Girl Studying at Home on a Laptop

While hoop skirts are long gone, Anna’s exuberant number from The King and I about getting to know a whole new group of students still rings true. It is a joyful experience—one that unfolds over time in countless ways, intentional and unintentional. It is also a necessity for good teaching.

This year, educators are presented with unique challenges to this crucial process—teaching remotely, hybrid schedules, and socially distanced classrooms are just a few. Add to this months of uncertainty about how learning would resume, take away the information a teacher might typically have from a students’ end of year assessments, throw in anxiety about health and safety, and it is easy to see why so many are scratching their heads, wondering how to begin.

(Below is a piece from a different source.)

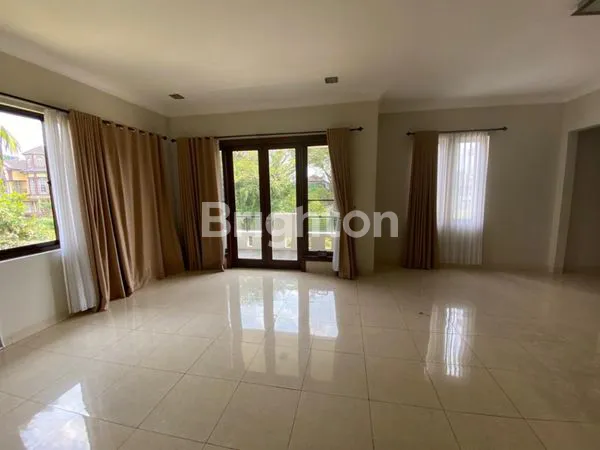 image RUMAH TERAWAT DAN SIAP HUNI TELAGA GOLF BSD (6)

The Fundamentals of Assessment

Getting to know every child as an individual in this context requires intention, observation, and inquiry. The fundamentals of good assessment still apply.

Good assessment is that which is:

  1. Instructionally meaningful and authentic. With limited or no time in the classroom, it is critical to closely connect assessment to teaching goals. What is the purpose of the assessment? How will the results or observations inform responsive teaching? If answers aren’t clear the assessment can hardly be worth the time and precious resources of students’ attention, focus, and energy.
  2. Observational. Observing students’ reading, writing, and language behaviors provides contextualized information about their strengths and needs. Astute educators use every opportunity to notice, document, and plan next steps based on observations.
  3. Timely. Learning needs must be detected quickly in order to respond appropriately.
  4. Tentative. Assessment provides a hypothesis about where to start instruction. No assessment is the final or comprehensive word on a student. The decisions made based on assessment information must be tentative and continually revisited in light of new observational information.
  5. Systematic. Systematic assessment does not mean a lockstep procedure, but it does mean methodical, intentional, and well organized. Good record keeping will help educators find patterns and trends in teaching and learning for individuals, small groups and the whole class.
  6. Able to positively inform students’ self-assessment. What message are your assessments sending to students? How are they learning from assessments? Asset based assessment can help motivate, build independence, and improve outcomes.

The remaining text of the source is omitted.